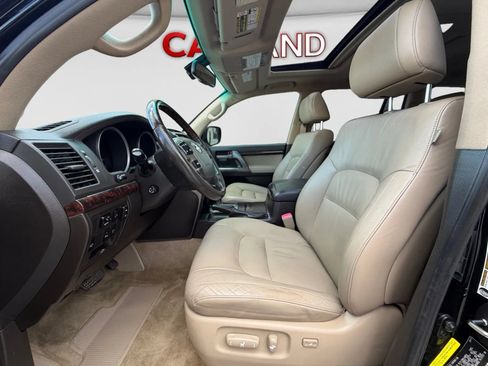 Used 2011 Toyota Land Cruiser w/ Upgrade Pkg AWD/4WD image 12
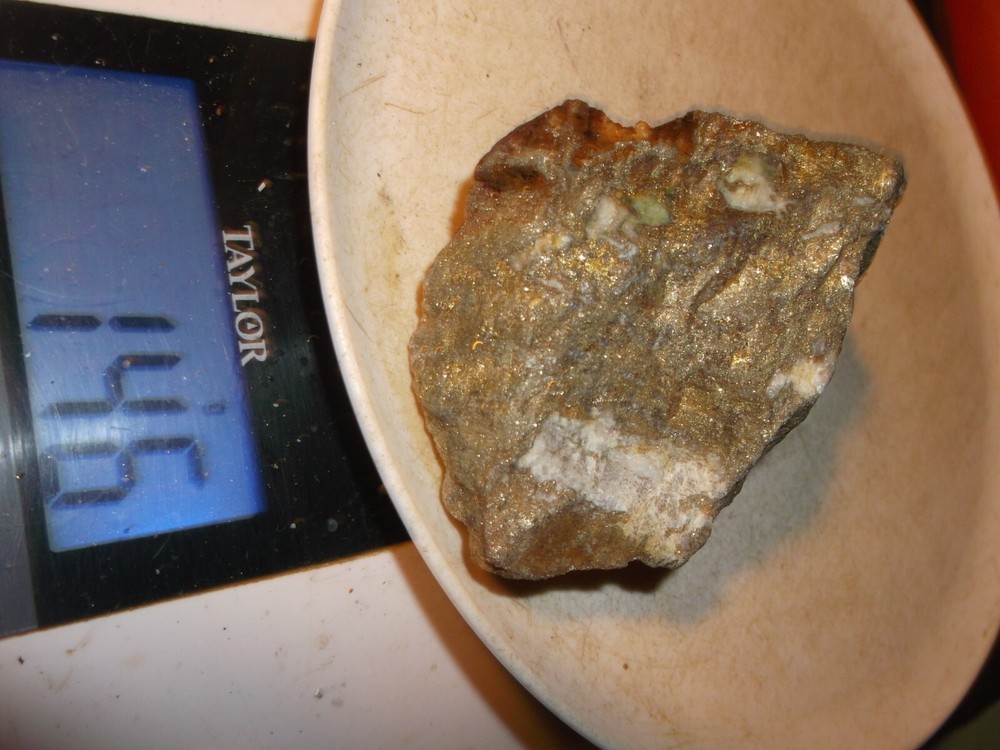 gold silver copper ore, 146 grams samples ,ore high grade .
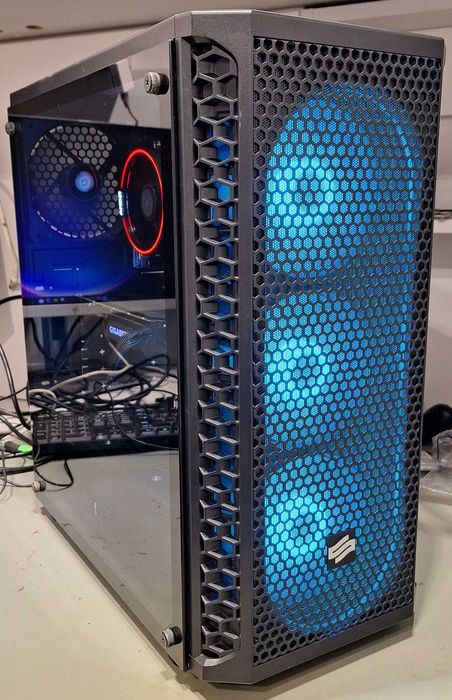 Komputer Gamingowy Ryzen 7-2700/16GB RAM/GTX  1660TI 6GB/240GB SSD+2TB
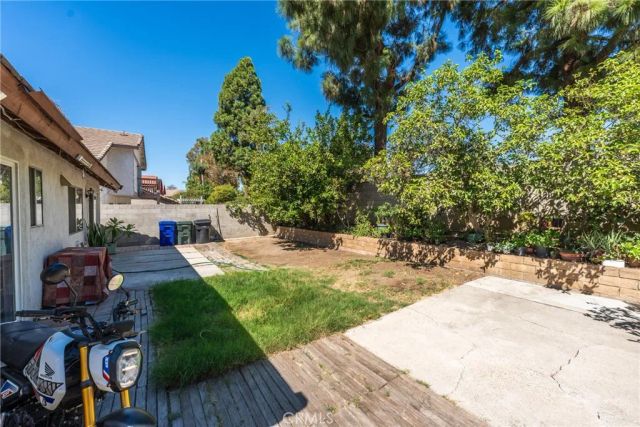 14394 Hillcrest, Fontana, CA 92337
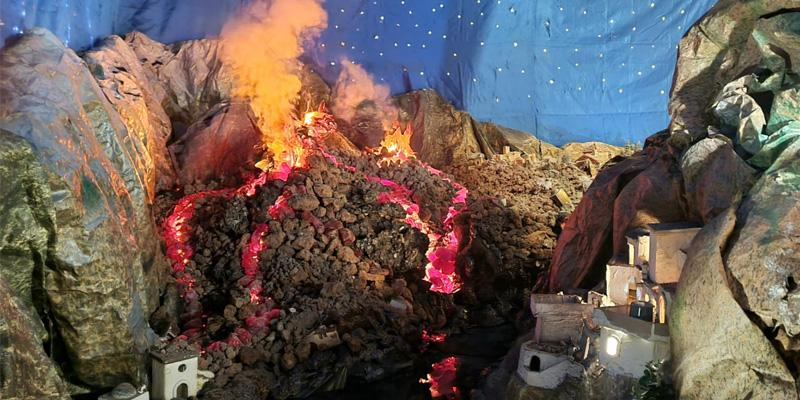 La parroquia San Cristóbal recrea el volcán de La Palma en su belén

============================================================

WHAT IS REQUIRED
Nothing but the records themselves, exact and complete, should be returned; leave the pictures out.

EXPECTED ANSWER
 Used 2011 Toyota Land Cruiser w/ Upgrade Pkg AWD/4WD image 12
 gold silver copper ore, 146 grams samples ,ore high grade .
 Komputer Gamingowy Ryzen 7-2700/16GB RAM/GTX  1660TI 6GB/240GB SSD+2TB
 14394 Hillcrest, Fontana, CA 92337
 La parroquia San Cristóbal recrea el volcán de La Palma en su belén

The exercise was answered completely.